A sus iconos del liberalismo les dispensa el autor un trato comprensivo de sus errores o sus contradicciones pero a Marx y a los marxistas los somete al tercer grado página tras página. La sospecha de que la honestidad intelectual de Vargas Llosa cojea ligeramente se confirma cuando alaba sin ningún tipo de rubor político las figuras de Reagan y Thatcher, en buena medida responsables ambos de las medidas desreguladoras que están en el origen de la crisis y de la privatización de servicios públicos esenciales con las que se enriquecieron las empresas privadas y se empobrecieron los ciudadanos en el Reino Unido. Ninguno de estos asuntos aparecen mencionados en el libro, en donde ni siquiera se hace una mínima alusión a otras consecuencias negativas derivadas de un sistema como el capitalista, estrechamente vinculado al liberalismo.

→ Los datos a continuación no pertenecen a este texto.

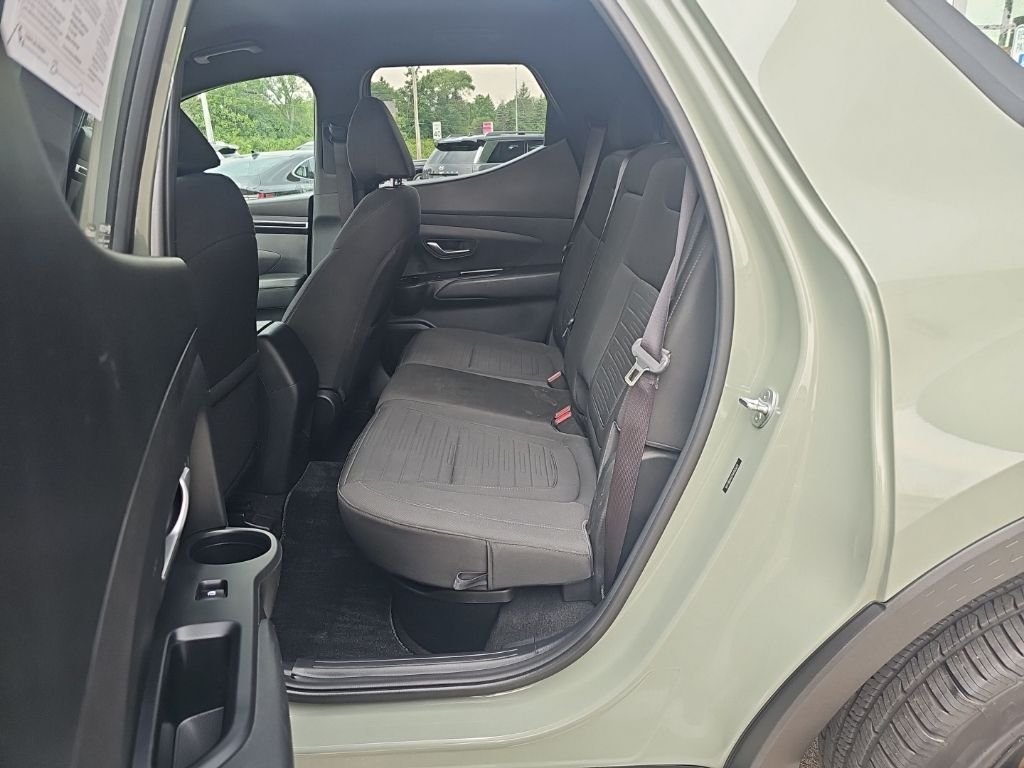 Used 2022 Green Hyundai SEL image 27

Por solo citar algunas, los graves problemas medioambientales de ámbito global como el cambio climático, la preminencia de los intereses de las empresas financieras transnacionales frente a los gobiernos nacionales y sus ciudadanos o el incremento de la desigualdad entre ricos y pobres. Vargas Llosa pone el acento en la libertad pero apenas incide en las desigualdades sociales que el liberalismo genera y que no es capaz de corregir de manera satisfactoria. Con afirmar que el sistema provee los medios para la igualdad de oportunidades de partida y dejar que sean el mérito y el esfuerzo los factores que hagan el resto, se da por satisfecho.

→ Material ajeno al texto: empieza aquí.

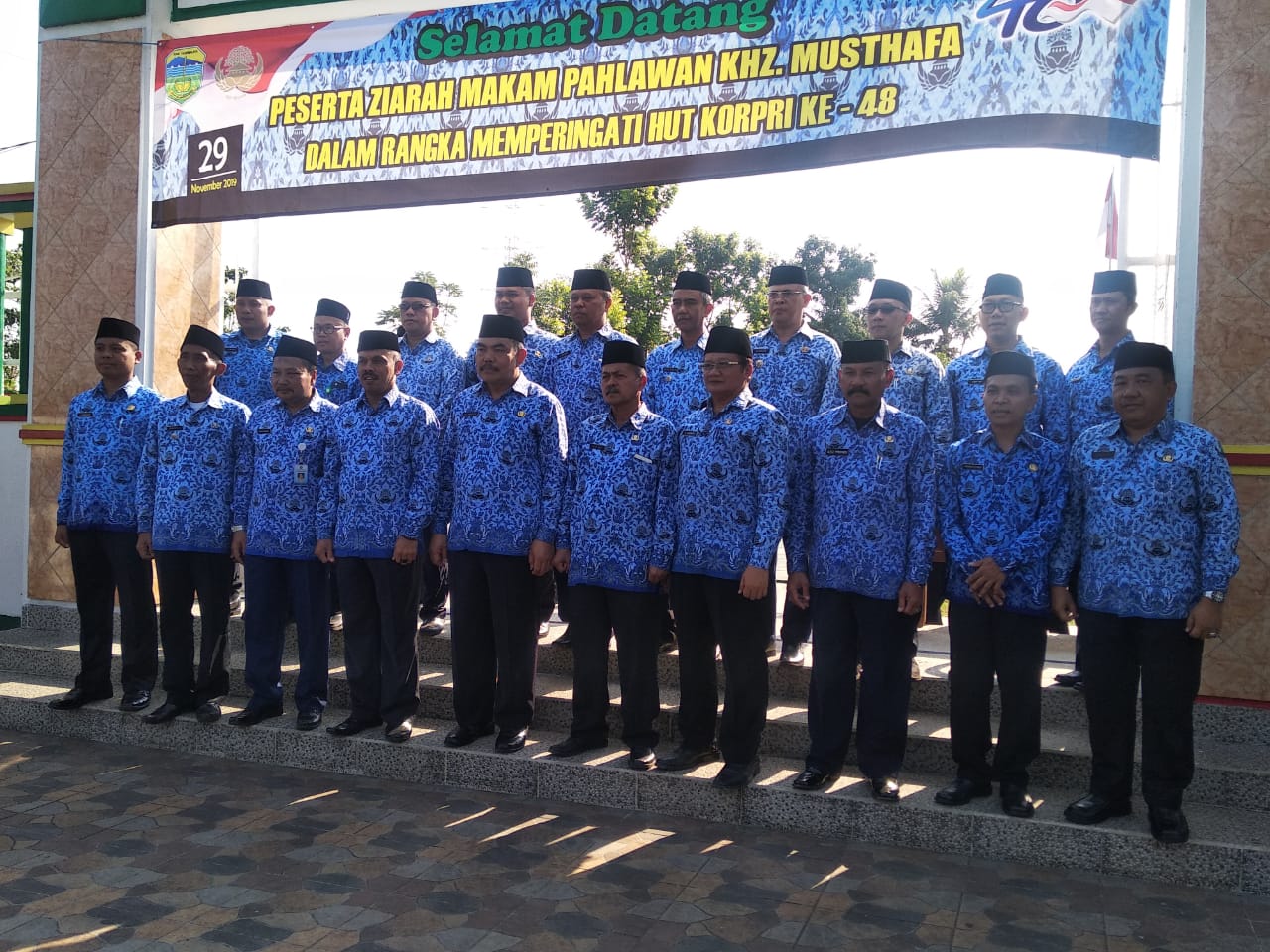 ASN KAB. TASIKMALAYA ZIARAH KE TMP KHZ MUSTOFA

Ni siquiera la socialdemocracia - una suerte de liberalismo de izquierdas - le termina de convencer a pesar de que fueron gobiernos de este signo los que más hicieron en la posguerra por atenuar las diferencias sociales. El estado del bienestar que impulsaron y perfeccionaron estos gobiernos tampoco merece reconocimiento alguno en la pluma de Vargas Llosa: prefiere alinearse con Hayek, uno de sus autores preferidos y uno de los más ultraliberales de cuantos glosa, y considerar a los socialdemócratas como compañeros de viaje de los comunistas dispuestos a implantar la dictadura del proletariado a las primeras de cambio. Siempre encomiástico y en ocasiones hagiográfico con sus pensadores liberales de cabecera, Vargas Llosa nos ofrece un libro desde todo punto de vista innecesario y en consecuencia prescindible. Lo que sí viene a confirmar "La llamada de la tribu" es que Vargas Llosa es un gran escritor, pero de literatura de ficción.